Timothy Barber, the director of FAMU's Meek-Eaton Black Archives Research Center and Museum, said that the efforts that people undertook to begin preserving Black history and culture show just how important they continue to be.

"Our founder, Dr James N Eaton, in 1976, decided to begin collecting this history, making sure that we're able to tell the story," Barber said. "The question is always asked: 'What do we tell our children? Who will be around to tell that story?' These museums, these archives serve as a catalyst for that story to be told. We're not interpreting history in our fashion; what we're doing is providing an opportunity for people to read and research history for themselves."

Some of FAMU's included items highlight the university's history as a land grant institution, which were federally funded colleges or universities that taught agriculture, military science and engineering as well as traditional liberal arts, allowing working-class people to attain a classical education.
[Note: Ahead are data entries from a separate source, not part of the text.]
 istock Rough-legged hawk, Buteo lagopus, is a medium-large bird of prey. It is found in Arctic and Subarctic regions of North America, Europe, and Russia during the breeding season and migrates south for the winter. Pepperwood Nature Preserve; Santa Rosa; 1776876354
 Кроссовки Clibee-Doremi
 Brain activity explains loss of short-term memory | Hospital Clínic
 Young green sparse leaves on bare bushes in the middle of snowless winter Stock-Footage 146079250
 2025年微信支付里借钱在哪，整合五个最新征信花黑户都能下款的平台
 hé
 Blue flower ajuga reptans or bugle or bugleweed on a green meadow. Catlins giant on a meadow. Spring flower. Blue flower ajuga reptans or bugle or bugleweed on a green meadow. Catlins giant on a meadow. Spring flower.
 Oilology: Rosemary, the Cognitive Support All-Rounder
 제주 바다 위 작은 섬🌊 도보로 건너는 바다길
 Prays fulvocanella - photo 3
There are 19th-century wood carvings from Ghana, part of FAMUs Field Spirits of the Fante collection, which includes a group of large, wooden sculptures used for protection.
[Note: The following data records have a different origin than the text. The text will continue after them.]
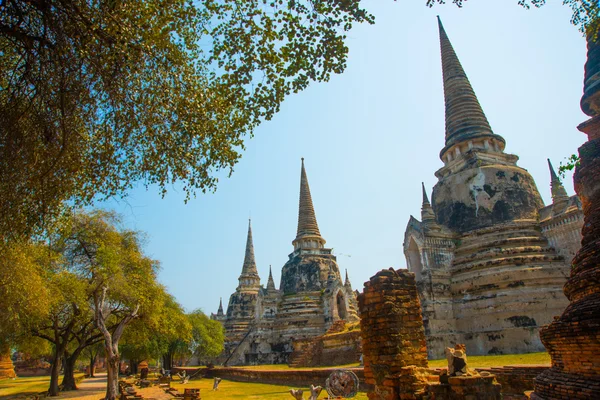 Des palais anciens. Ayutthaya Thaïlande . — Photo
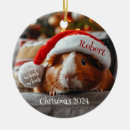 Search for guinea pig christmas decor Santa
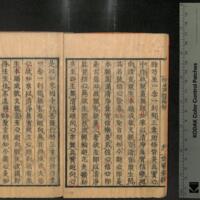 016-ZN01141.jpg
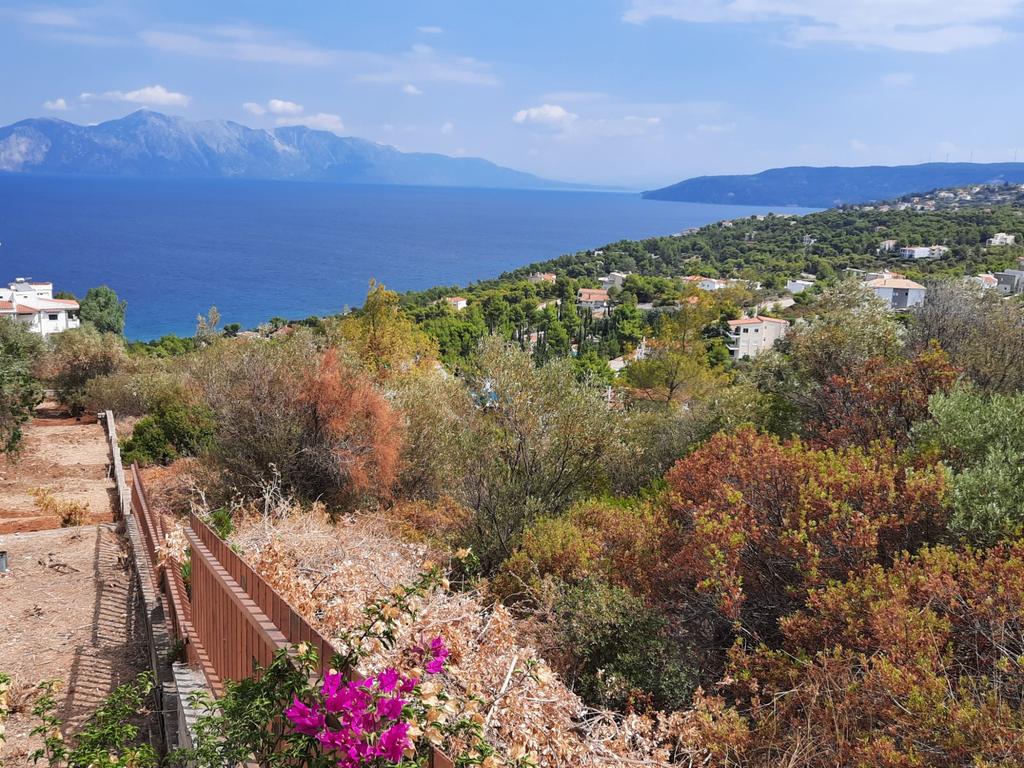 Οικόπεδο 1.054 τ.μ. πρός πώληση, Φθιώτιδας, Μαλεσίνα
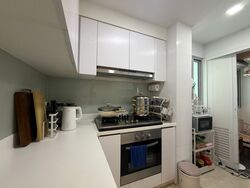 Eight Riversuites (D12), Condominium #583747311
Also included in the exhibit are items like Tuskegee Institute pottery. Many of Tuskegee’s buildings were created by students, which is represented by four handmade bricks from the school’s collection. Photographs by Doris Derby, Chester Higgins, Earlie Hudnall Jr and PH Polk, all of whom were affiliated with HBCUs and who documented Black student activism and cultural movements are included, as are artworks collected by artists like John Biggers, Elizabeth Catlett, Robert Pruitt and Renee Stout.

Angela D Stewart, an archivist at Jackson State's Margaret Walker Center, wants visitors to understand the impact and importance of the people who contributed to HBCUs along the way. "The exhibit includes things such as a Jackson State yearbook that was actually dedicated to Margaret Walker," Stewart said. Walker was a professor of English at JSU, where she founded the Institute for the Study of the History, Life, and Culture of Black People. She was mentored by Black literary icons such as Richard Wright, WEB Du Bois and Langston Hughes and paid that guidance forward by mentoring Alice Walker, Sonia Sanchez and James Baldwin.

A first edition of Margaret Walker's only novel, Jubilee, is included in the exhibit, as are a 1942 print of her first published book of poetry, For My People; several of her personal journals; her typewriter; and other items.

An exhibit about HBCUs would be remiss without the inclusion of marching bands paraphernalia. An image of drum majors from The Sonic Boom of the South, Jackson State’s world-famous marching band, greets visitors of the exhibit, who can also view a drum major shako cap from FAMU’s legendary Marching 100 band and recorded albums of the college’s concert and marching band from the 1960s and 70s.

"It's one thing to hear about these stories," Barber said, "but it's another thing to really see first-hand primary source material that speaks to the excellence of education and activity that has been nurtured for so many years here in America for people of color. I always say if you don't know where you come from, you'll never know where you're going. These things allow people to be educated about their self-relevance and their place in this fabric of America."